▶ _Activity_
Please repeat the data below exactly, with the pictures removed.
─── Data segment
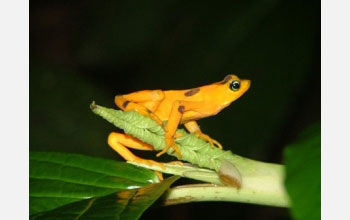 Photo of the Panamanian golden frog.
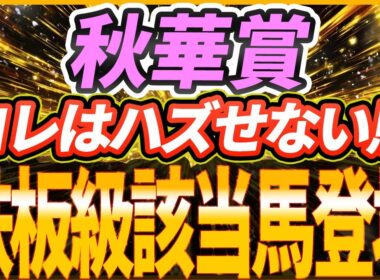 【秋華賞2025】カムニャックVSエンブロイダリー？京都秋華賞で狙うべきなのはこのタイプ【Part1】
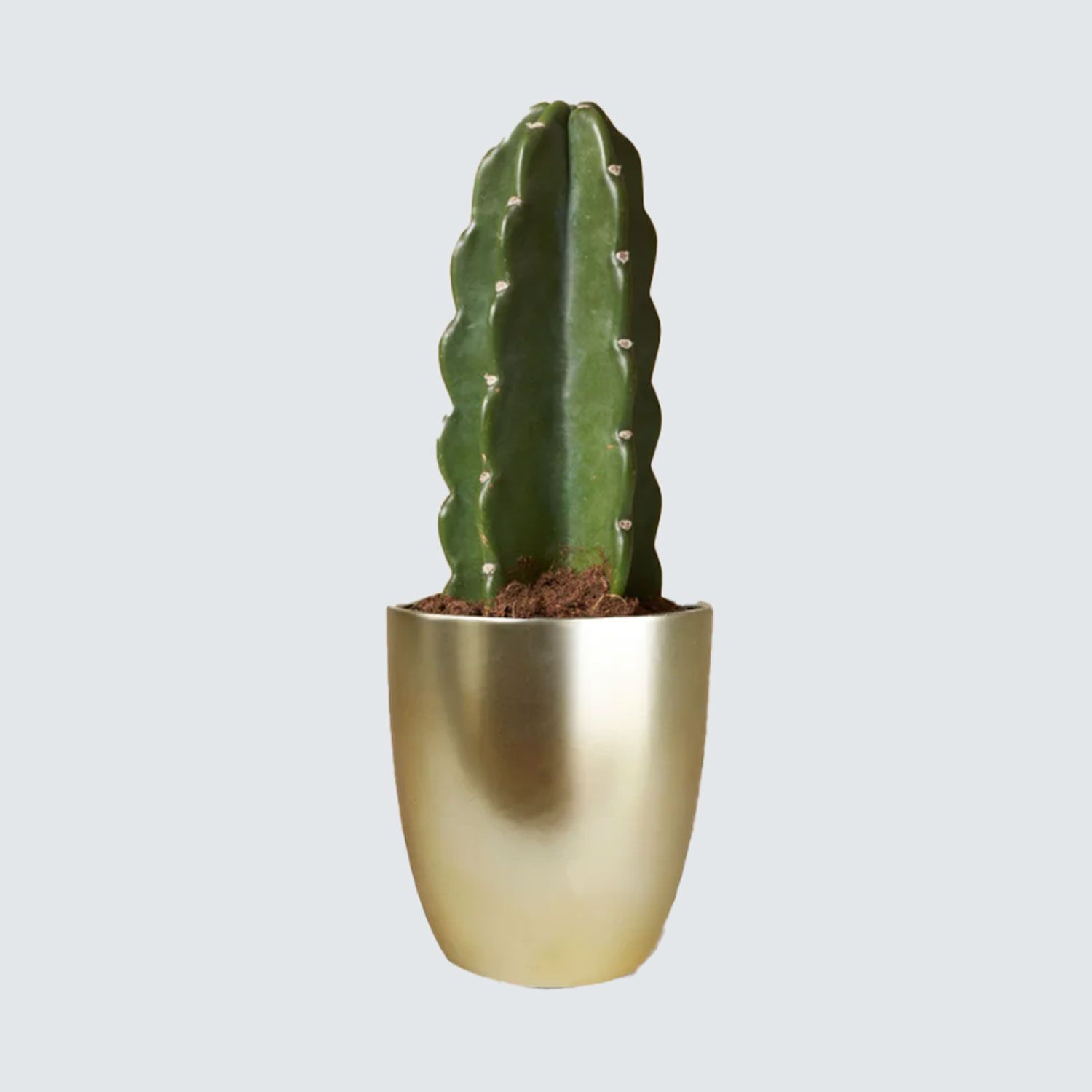 Cactus in gold pot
──────
▶ _Solution to the problem_
 Photo of the Panamanian golden frog.
 【秋華賞2025】カムニャックVSエンブロイダリー？京都秋華賞で狙うべきなのはこのタイプ【Part1】
 Cactus in gold pot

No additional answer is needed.